As Darkraven said you need to distinguish frequent use and what you can do without hurting them for testing.
Most LiFe batteries can go down to 2.5 and as shown down to 2.0V without any damage for testing. If you want 80+% DOD you need to go below 3V on many of them.

Lead acid cannot be compared to ANY lithium based battery :p They should always stay 100%SOC compare to Lithium that will last longer at 40-60% and such ;) LA will degrade ALOT every cycle that goes to 0.

I had to read your small text 2 times before i saw it :p Yeah they are mentioned a bit different all but the common part is that they almost all can take low votlages but for longevity you should of course not go to low.
 
OK. So to bring this back a bit closer to my original post, I have now got a charger that can charge the 100Ah batteries. It has both a specific lithium mode, and several others for normal/AGM lead acid (Noco genius g7200).

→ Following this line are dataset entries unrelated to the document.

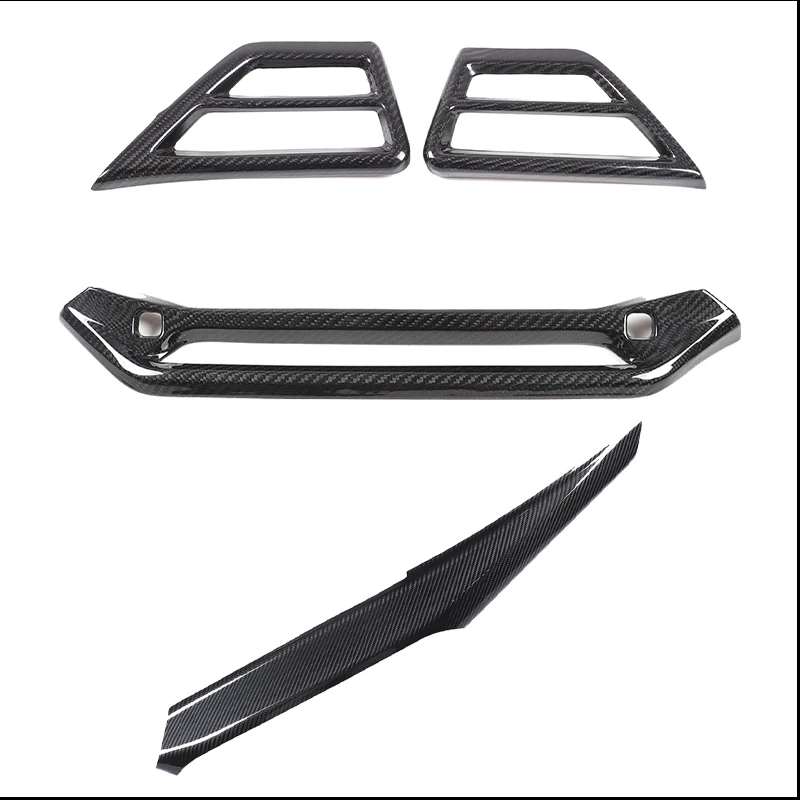 Real Carbon Fiber Car Air Outlet Decorative Frame, Central Control Trim Strip Suitable for BMW 3 i3 4 i4 2 G22 G23 G42 2025+ LHD
Real Carbon Fiber Car Air Outlet Decorative Frame, Central Control Trim Strip Suitable for BMW 3 i3 4 i4 2 G22 G23 G42 2025+ LHD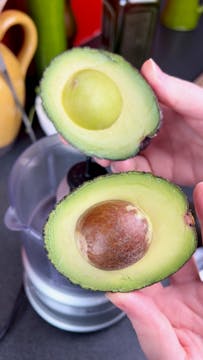 avocado open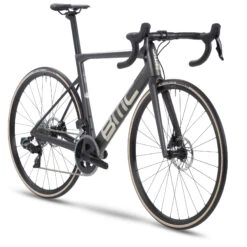 BMC TEAMMACHINE SLR FOUR - Vélo Route En Carbone - 2023 - Anthracite / Brushed Alloy -Velo Lemonde Boutique teammachine slr four detail 01 1411625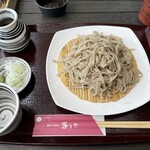테우치 soba 카오리야 혼텐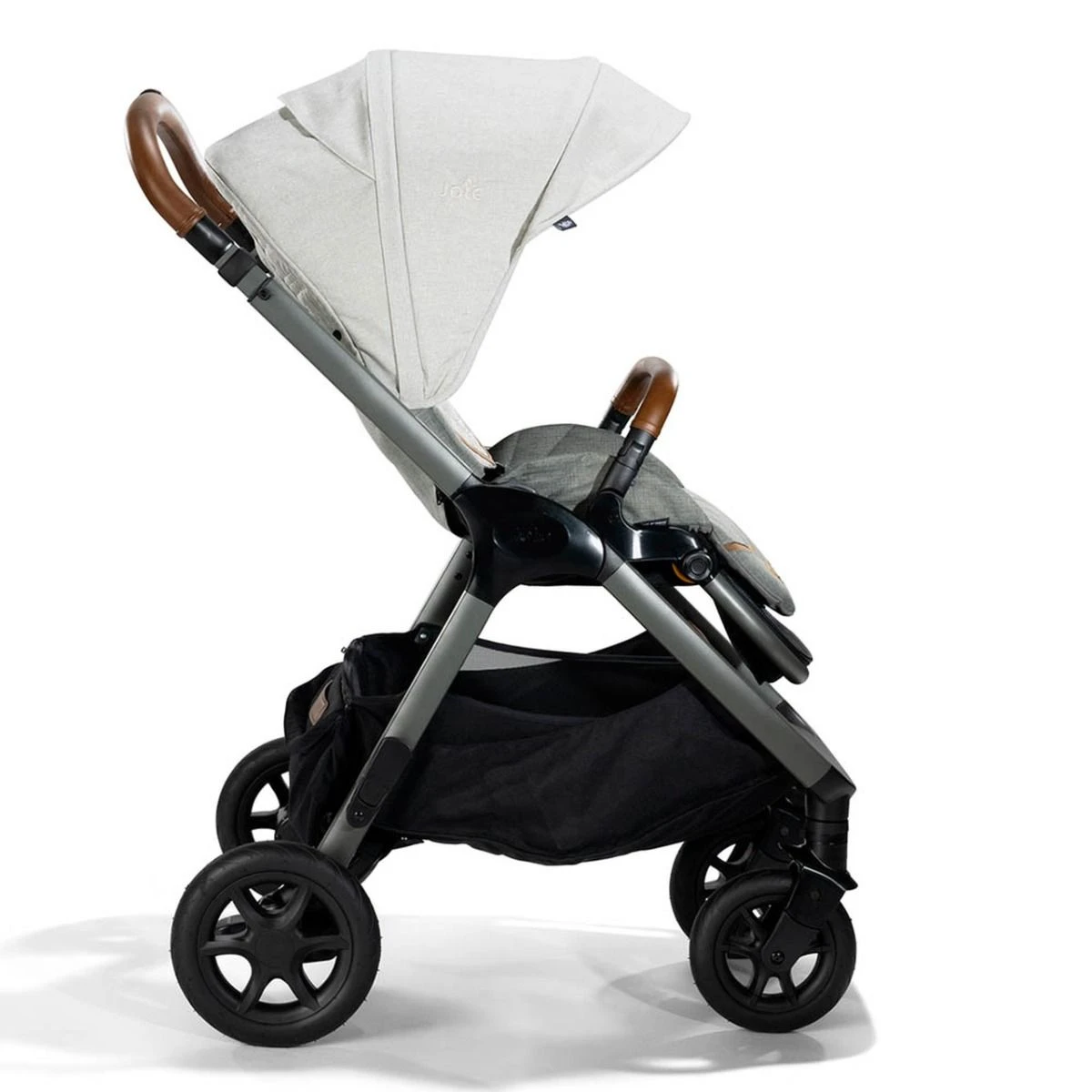 Joie Finiti Signature Flex Travel System With Calmi - Oyster 11 Joie Finiti Signature Flex Travel System With Calmi - Oyster - Image 9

From absolutely dead flat, it should charge the battery in less than 24 hours. Didn't happen! Having put the battery on the charger for 2.5 days, the voltage has basically levelled off at 3.45 V and only goes up about .01v/hour. Considering it should charge up to 14.6, clearly something is wrong. Time to do more digging for info.
 
What is the AMP rating on that charger? and is it putting out it's rated Current?
 
You won't get it up to 14.6V for two reasons:
1. The Noco charger puts up to 14.2V across the battery with 7.2A maximum. Charging a 100Ah battery with it should take 15 hours, more or less. The specs of the battery say 14.6V is the maximum charging voltage, which is well within what should be expected, and that means 3.65V end of charge per cell. Anything between 3.6 and 4.0V is normal for a LiFePO battery. The charger can't to that though, 14.2V is 3.55V per cell.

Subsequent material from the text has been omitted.